ロードテスト ポルシェ911GT2 RS ★★★★★★★★☆☆
公開 : 2018.08.05 06:10
結論 ★★★★★★★★☆☆
「身内に存在する、より安価な傑作マシンが、このクルマの魅力を陰らせている」
GT2 RSは、比べるものない911だ。いかなる911の派生モデルよりもキャラクターの独自性が強く、貪欲なホットロッド的性格をなにより好むユーザーに受けるモデルである。

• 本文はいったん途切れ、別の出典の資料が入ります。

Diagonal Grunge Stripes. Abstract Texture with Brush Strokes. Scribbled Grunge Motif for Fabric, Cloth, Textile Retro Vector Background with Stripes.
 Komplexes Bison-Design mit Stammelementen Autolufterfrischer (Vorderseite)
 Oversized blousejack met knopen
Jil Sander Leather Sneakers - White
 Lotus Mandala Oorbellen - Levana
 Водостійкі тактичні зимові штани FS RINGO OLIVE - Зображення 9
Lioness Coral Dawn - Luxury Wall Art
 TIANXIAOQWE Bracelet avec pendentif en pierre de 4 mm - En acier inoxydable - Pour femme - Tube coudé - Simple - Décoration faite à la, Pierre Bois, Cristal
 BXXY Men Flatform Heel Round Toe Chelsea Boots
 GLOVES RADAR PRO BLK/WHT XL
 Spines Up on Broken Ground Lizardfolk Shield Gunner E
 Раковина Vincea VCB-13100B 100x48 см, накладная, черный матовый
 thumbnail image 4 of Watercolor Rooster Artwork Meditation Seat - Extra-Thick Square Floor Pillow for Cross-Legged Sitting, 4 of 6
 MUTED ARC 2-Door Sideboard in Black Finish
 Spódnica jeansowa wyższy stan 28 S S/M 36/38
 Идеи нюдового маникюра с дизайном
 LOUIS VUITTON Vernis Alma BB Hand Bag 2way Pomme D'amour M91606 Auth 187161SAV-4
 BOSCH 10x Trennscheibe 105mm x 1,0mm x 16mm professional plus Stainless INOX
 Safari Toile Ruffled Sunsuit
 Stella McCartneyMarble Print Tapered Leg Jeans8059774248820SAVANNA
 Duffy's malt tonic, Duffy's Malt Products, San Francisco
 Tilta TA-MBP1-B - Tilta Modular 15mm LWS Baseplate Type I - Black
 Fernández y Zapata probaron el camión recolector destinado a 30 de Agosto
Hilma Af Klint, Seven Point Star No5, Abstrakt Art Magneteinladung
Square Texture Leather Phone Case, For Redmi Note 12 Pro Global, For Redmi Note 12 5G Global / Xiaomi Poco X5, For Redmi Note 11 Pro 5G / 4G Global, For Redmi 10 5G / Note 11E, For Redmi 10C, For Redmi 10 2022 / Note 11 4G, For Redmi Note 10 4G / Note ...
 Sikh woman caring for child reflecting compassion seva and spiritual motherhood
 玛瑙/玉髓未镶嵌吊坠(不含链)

直線スピードは途轍もなく、運動性の魅力も大きい。
これを、ポルシェが生んだ究極のロードゴーイングGTだとするのは無理がある。グリップやバランス、パワーとアジャスト性の繊細なブレンドという点においては、GT3に叶わない。GT3の方が走りも好ましく、スペック表の数字ではGT2 RSが勝っても、より魅力的なエンジンはGT3のそれだろう。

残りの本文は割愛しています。